Exercise details =>
Only one span is wanted from the lines below: from the one with "asian man with fire show" up to and including the one with "Plastikmüllbehälter auf der". Copy it exactly, without images.

Data in this exercise =>
-*-*-

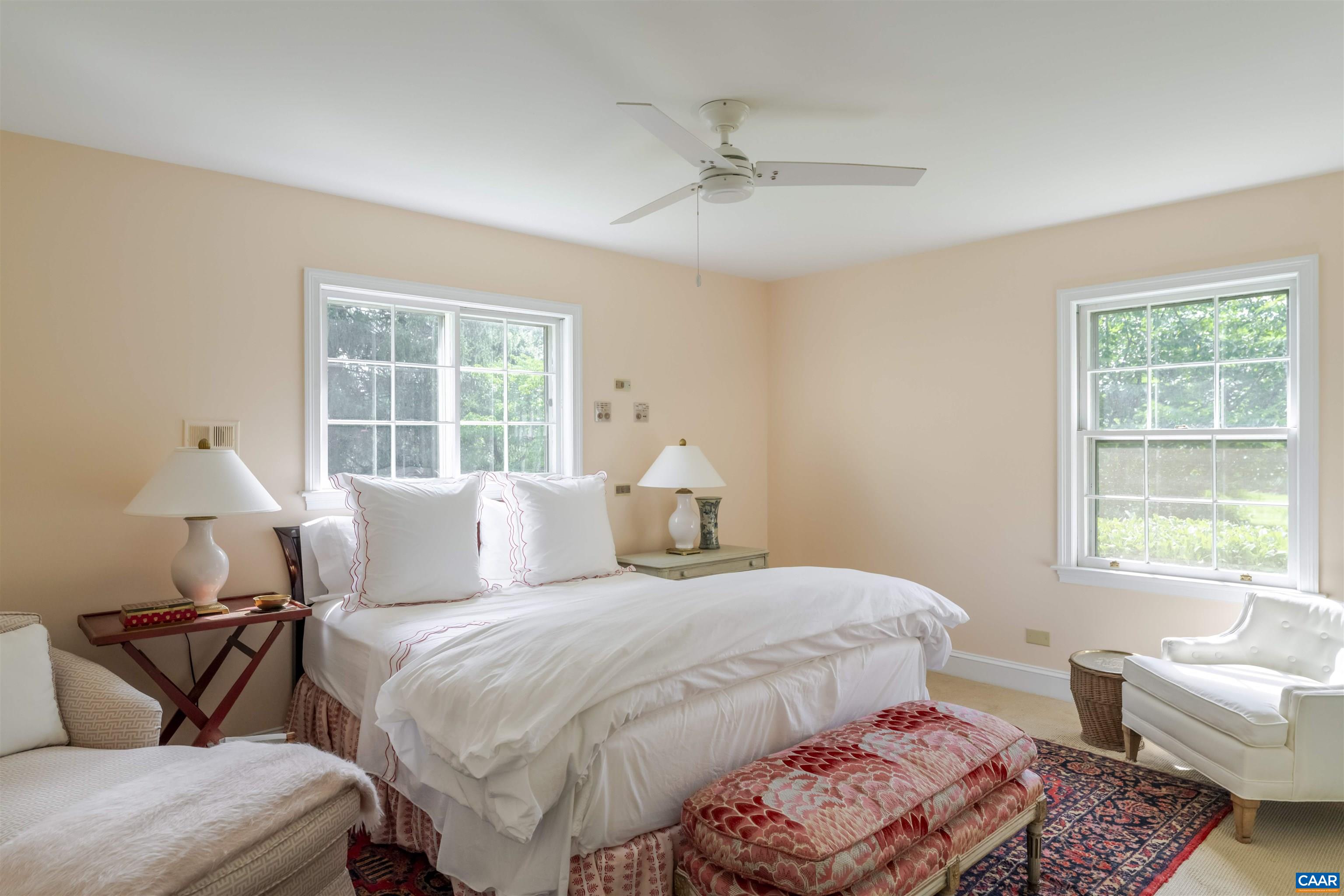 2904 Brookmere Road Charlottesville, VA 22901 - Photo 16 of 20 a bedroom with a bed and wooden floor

-*-*-

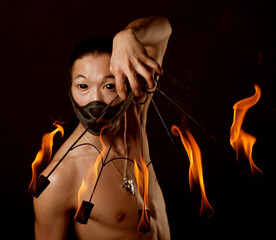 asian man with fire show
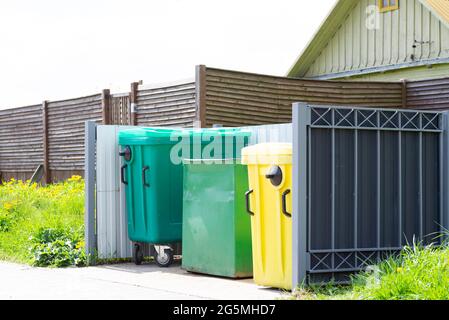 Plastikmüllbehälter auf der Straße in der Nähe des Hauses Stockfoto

-*-*-

Response area =>
 asian man with fire show
 Plastikmüllbehälter auf der Straße in der Nähe des Hauses Stockfoto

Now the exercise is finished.